Line by line, copy out the entries exactly and leave the pictures behind.

Information given:
*** Begin section ***

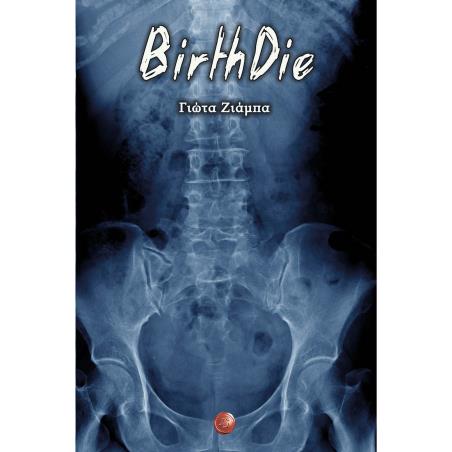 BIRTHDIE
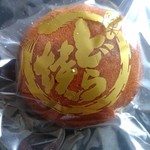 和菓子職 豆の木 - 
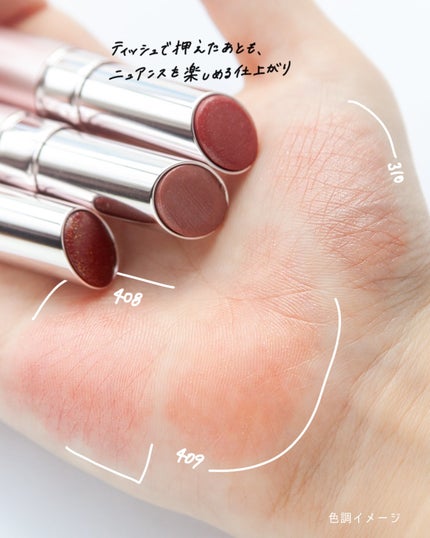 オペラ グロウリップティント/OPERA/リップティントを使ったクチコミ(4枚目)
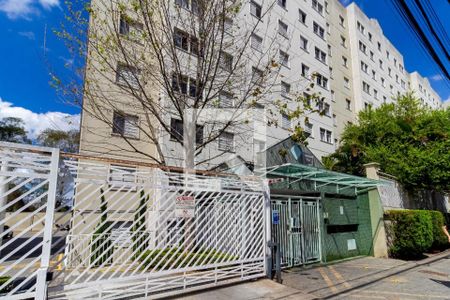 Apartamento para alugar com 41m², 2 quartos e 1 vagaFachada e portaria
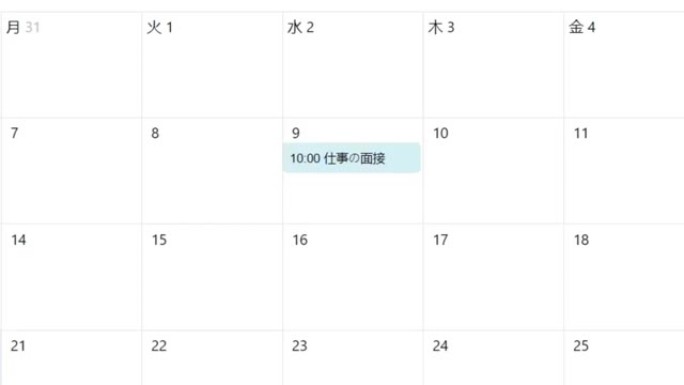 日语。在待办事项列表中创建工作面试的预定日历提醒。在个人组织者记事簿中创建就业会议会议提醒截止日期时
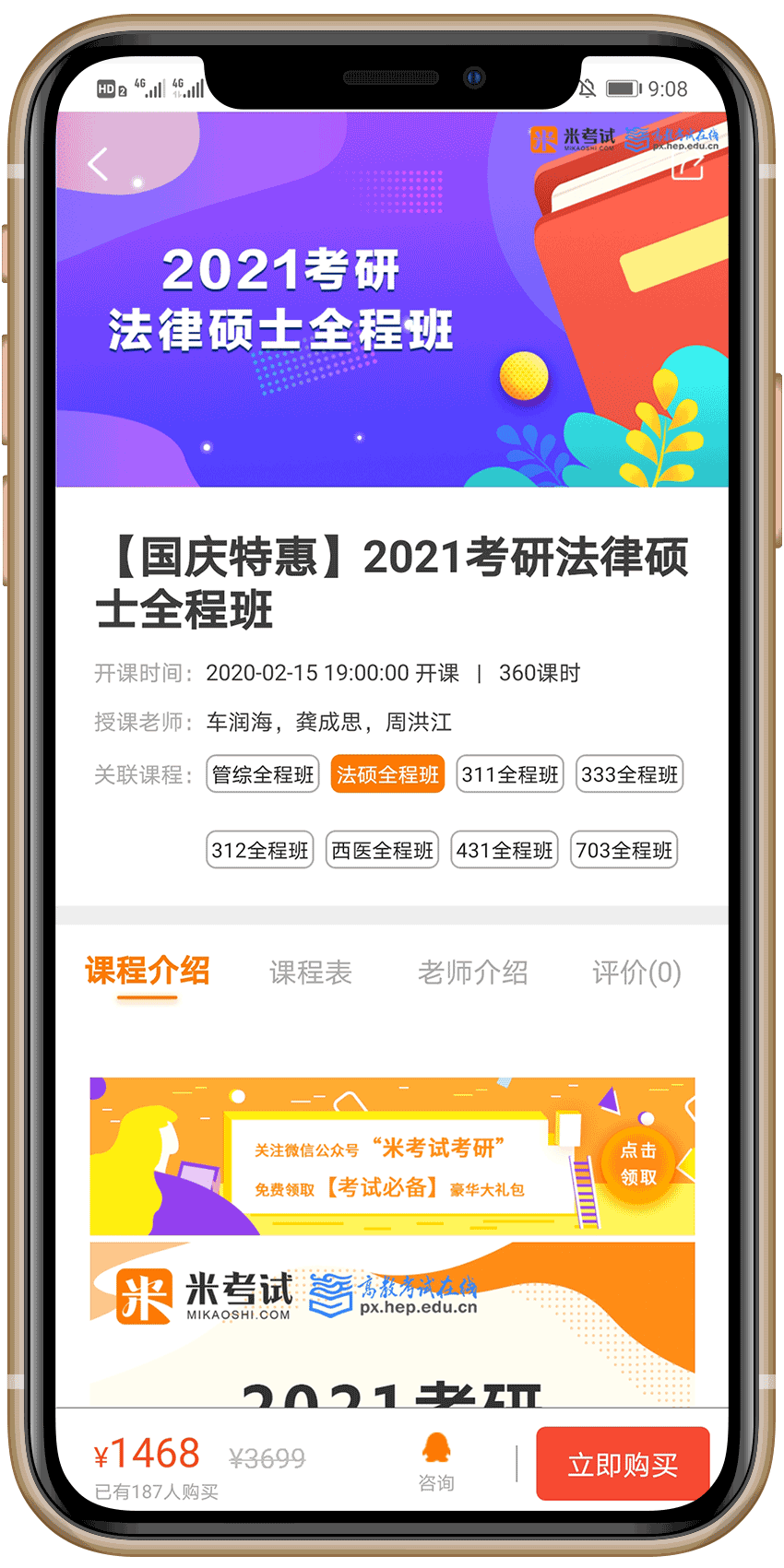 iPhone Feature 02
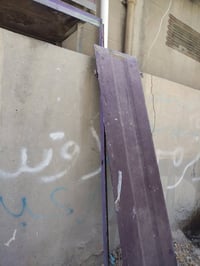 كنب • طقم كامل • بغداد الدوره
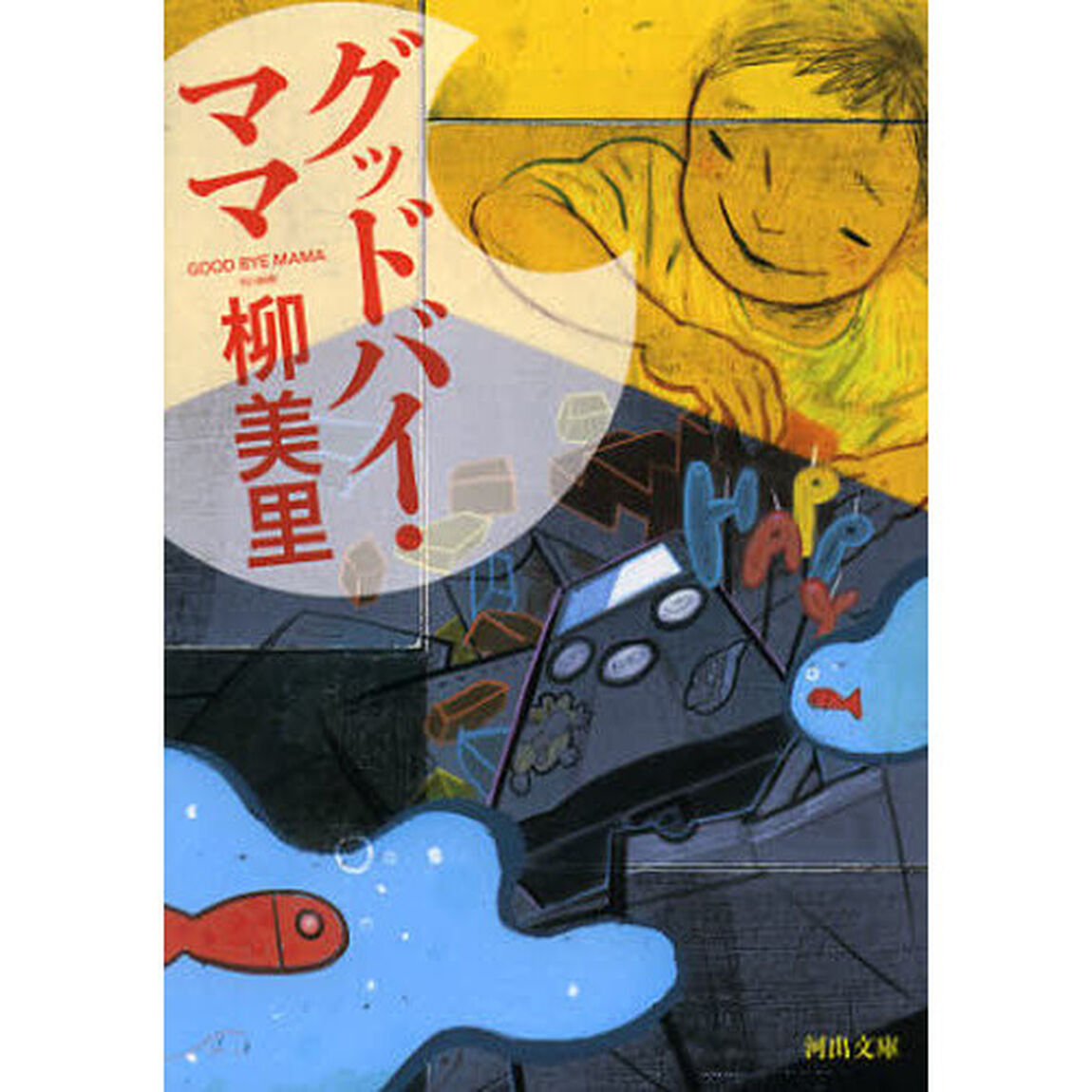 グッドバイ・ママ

*** End section ***

Task output:
 BIRTHDIE
 和菓子職 豆の木 - 
 オペラ グロウリップティント/OPERA/リップティントを使ったクチコミ(4枚目)
 Apartamento para alugar com 41m², 2 quartos e 1 vagaFachada e portaria
 日语。在待办事项列表中创建工作面试的预定日历提醒。在个人组织者记事簿中创建就业会议会议提醒截止日期时
 iPhone Feature 02
 كنب • طقم كامل • بغداد الدوره
 グッドバイ・ママ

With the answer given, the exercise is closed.